What this gentleman does is strongly relevant to what you're doing:

You wrote in 2006 that you could take your project into different directions:
1/ real time control-type applications, with is what Esterel
Technologies ( has done with SCADE Suite, which comes with a GUI; I would guess (but do not know for sure)that control applications might have somewhat restricted data types
2/ Take advantage of the fact that messages may be of arbitrary types in project COSA and implement objects that are "high level" and friendly to C++/Java programmers (associative arrays? string arrays? image handling filters? windowing environment handling?). Some APL-ish microcode inside the cell, DSP or FPGA tailored to the specific type of expected calculations would ensure the APPEARANCE of output changing at the same time as all inputs become active.
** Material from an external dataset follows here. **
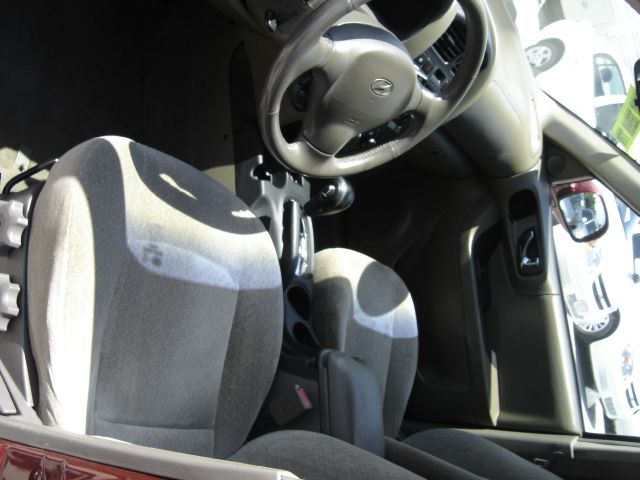 2004 Hyundai Santa Fe 4dr Sdn 2.4L FWD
One of the big problems I see in transferring the COSA approach to dedicated chips here is deciding how many cells are going to be feeding a given receiving cell. If the number is small, the pattern would be doable physically. But if you expect most cells to receive signals from 100 other cells, the cost of etching the connections may be prohibitive and the connections may even be impossible! It might be possible to etch 10,000 cells, but with only 100 or so of them having enough inbound message space for heavy-duty graphical work. If you ever feel like you have to go to create a cell template that can write to and from shared memory through a bus, many of the disadvantages of the Von Neumann architecture will come back to haunt you...

Fly Mulu said...

I would go a little further then Marc: after giving it some thought, I don't think COSA scales on anything that can be economically produced today (ie, closely resembling a Von Neumann architecture, MIMD or not), since having a BUS and a multi-CPU or multi-core assembly is basically the definition of the Von Neuman Bottleneck, unless you are willing to provide a bus that is wide enough to supply the data to all cores simultaneously. Which is going to be difficult to build, even with BGA packaging.
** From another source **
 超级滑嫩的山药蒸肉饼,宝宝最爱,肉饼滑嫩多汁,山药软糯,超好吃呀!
The current consensus is that even the algorithmic, non-parallel CPUs saturate the bus with 8 to maximum 32 units, with caching and all. Adding more CPUs will just make the problem worse: caching isn't going to make the fact go away that the CPU is faster then the (much longer) bus. The larger your command or data vector is, the longer it takes to travel to the CPU, and the longer the BUS is blocked - OR, the more pins you need.

The only solution set with current engineering practices (IE without the use of quantum teleportation) that I can think of at the moment are variants of System-on-a-chip, as in,
1. put the entire memory of the system onto the same die as the cores. That limits the amount of memory AND cores together to the die size, ie, it doesn't scale.

2. (variant of 1) integrate RAM+_one_ core on one chip, and connect the chips with each other, creating a more-or-less scalable NUMA system. That would scale for programs that contain relatively large parts that process their input separately and have a limited amount of intercommunication (for example, an AI.)

This second approach has been tried, to a degree, by INMOS (see
Transputer), but turned out to be too expensive to compete with general purpose CPU in their days.

3: As in 2, use separate chips that solve their special tasks independently of each other, communicating mainly small amounts of data that mean a lot (ie, commands that are short but execute a lot of the functionality on the chip without exiting it and using the bus).
This is the approach that the industry currently uses (again, after having ignored it for about 10 years): you have a general-purpose CPU, a sound chip, a wifi chip, a graphics chip, etc, all with their high-level commands.

By looking at that, I would say, the main performance problem of parallel computing is not, actually the CPU design, but fact that there is such a thing as a separation in CPU, Memory and Bus.